SwapNet: Efficient Swapping for DNN Inference on Edge AI Devices Beyond the Memory Budget

Kun Wang,Jiani Cao,Zimu Zhou,Zhenjiang Li
DOI: https://doi.org/10.1109/TMC.2024.3355764
2024-01-30
Abstract:Executing deep neural networks (DNNs) on edge artificial intelligence (AI) devices enables various autonomous mobile computing applications. However, the memory budget of edge AI devices restricts the number and complexity of DNNs allowed in such applications. Existing solutions, such as model compression or cloud offloading, reduce the memory footprint of DNN inference at the cost of decreased model accuracy or autonomy. To avoid these drawbacks, we divide DNN into blocks and swap them in and out in order, such that large DNNs can execute within a small memory budget. Nevertheless, naive swapping on edge AI devices induces significant delays due to the redundant memory operations in the DNN development ecosystem for edge AI devices. To this end, we develop SwapNet, an efficient DNN block swapping middleware for edge AI devices. We systematically eliminate the unnecessary memory operations during block swapping while retaining compatible with the deep learning frameworks, GPU backends, and hardware architectures of edge AI devices. We further showcase the utility of SwapNet via a multi-DNN scheduling scheme. Evaluations on eleven DNN inference tasks in three applications demonstrate that SwapNet achieves almost the same latency as the case with sufficient memory even when DNNs demand 2.32x to 5.81x memory beyond the available budget. The design of SwapNet also provides novel and feasible insights for deploying large language models (LLMs) on edge AI devices in the future.
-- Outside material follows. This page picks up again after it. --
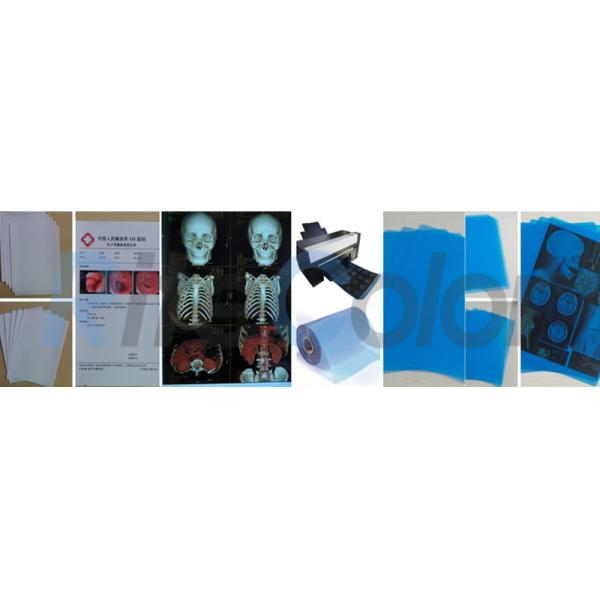 Фильм медицинского отображения рентгеновского снимка ЛЮБИМЦА высокого разрешения голубой для общих струйных принтеров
Machine Learning,Artificial Intelligence,Distributed, Parallel, and Cluster Computing
What problem does this paper attempt to address?
The paper addresses the problem of executing deep neural networks (DNNs) on edge artificial intelligence (AI) devices, which have limited memory budgets restricting the number and complexity of DNNs that can be run. Existing solutions, such as model compression or cloud offloading, reduce memory consumption but may lead to accuracy degradation or loss of autonomy. The paper proposes a novel approach called SwapNet, which partitions large DNNs into blocks and executes them by swapping these blocks in sequence, enabling DNNs that exceed the memory budget to run in small memory. However, raw block swapping on edge AI devices leads to significant latency due to redundant memory operations in the DNN development ecosystem. To address this, SwapNet designs an efficient DNN block swapping middleware that systematically eliminates unnecessary memory operations during the block swapping process while maintaining compatibility with deep learning frameworks, GPU backends, and hardware architectures. SwapNet also demonstrates its practicality through multiple DNN scheduling schemes. Experiments show that even when the DNN's demand exceeds the available memory by a factor of 2.32 to 5.81, SwapNet achieves nearly the same latency as in memory-abundant scenarios. Furthermore, SwapNet's design provides new insights for deploying large language models on edge AI devices in the future. Overall, the paper attempts to address the problem of efficiently and accurately executing large DNN models on memory-limited edge AI devices, avoiding the drawbacks of traditional methods such as accuracy loss or reliance on external resources.